Here's how it works:

  • Check that debit and credit totals match
  • Investigate and correct any discrepancies found
  • Use the corrected trial balance as the foundation for your financial statements

The adjusted trial balance feeds directly into your income statement and balance sheet. Revenue and expense account balances flow into the income statement, while asset, liability, and equity balances populate the balance sheet. Having a solid accounting system in place makes this process much smoother.

After these financial statements are complete, the post-closing trial balance resets all temporary accounts (revenue, expenses, and dividends) to zero. Only permanent balances, including assets, liabilities, and equity, carry forward into the next period. This gives you a clean starting point for the new accounting cycle.

Auditors also rely on trial balances to verify your financial records. According to the Public Company Accounting Oversight Board, inappropriate journal entries often have unique identifying characteristics. These may include entries made to unusual accounts, those with little description, or those containing round numbers. You can find more information on Financial Accounting Standards Board (FASB) accounting standards.

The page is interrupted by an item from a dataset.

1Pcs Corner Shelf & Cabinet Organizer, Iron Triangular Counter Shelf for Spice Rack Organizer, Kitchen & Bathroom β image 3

Streamline your trial balance process

Keeping your trial balance accurate helps you make smarter business decisions and simplifies year-end reporting. With tools that automate bookkeeping, you can spend less time on manual checks and more time growing your business.

Xero makes it easy to run financial reports and manage your finances with confidence. Your transactions are categorized automatically, bank reconciliation happens in real time, and you can generate reports whenever you need them. Get one month free to see how it works.

FAQs on trial balances

Here are frequently asked questions about trial balances.

What is a trial balance used for?

A trial balance is used as a quick accuracy check during your accounting close. By comparing total debits to total credits, it flags mathematical errors before you finalize financial statements. Most small businesses run one at each period end to avoid costly corrections later.

Can accounting software generate a trial balance automatically?

Yes. Most accounting software, including Xero, generates a trial balance on demand from your general ledger data. This eliminates manual data entry and calculation errors, giving you an accurate, up-to-date trial balance whenever you need one.

Do small businesses need a trial balance for tax filing?

A trial balance isn't submitted with your tax return, but it's an essential step in the process. It confirms your books are balanced before you prepare the income statement and balance sheet that support your tax filing. Your accountant may also use it to verify figures during tax preparation.

What does it mean if a trial balance doesn't balance?

An unbalanced trial balance means there's a recording error somewhere in your books. Common causes include transposition errors (swapping digits), omitted entries, or posting amounts to the wrong column. It doesn't automatically mean your books are wrong overall, but it requires investigation before you can prepare accurate financial statements.

What is the difference between a trial balance and an income statement?

A trial balance lists every account in your general ledger with its debit or credit balance. An income statement focuses only on revenue and expenses to show whether your business made a profit or loss over a specific period. The trial balance is a verification tool; the income statement is a performance report for stakeholders.

How often should a business prepare a trial balance?

Most businesses prepare a trial balance at month-end, quarter-end, and year-end as part of their regular accounting close. You can run one at any time for a quick check on your books, especially when reviewing your budget. Accounting software like Xero lets you generate trial balances on demand without manual calculations.

Disclaimer

Xero does not provide accounting, tax, business or legal advice. This guide has been provided for information purposes only. You should consult your own professional advisors for advice directly relating to your business or before taking action in relation to any of the content provided.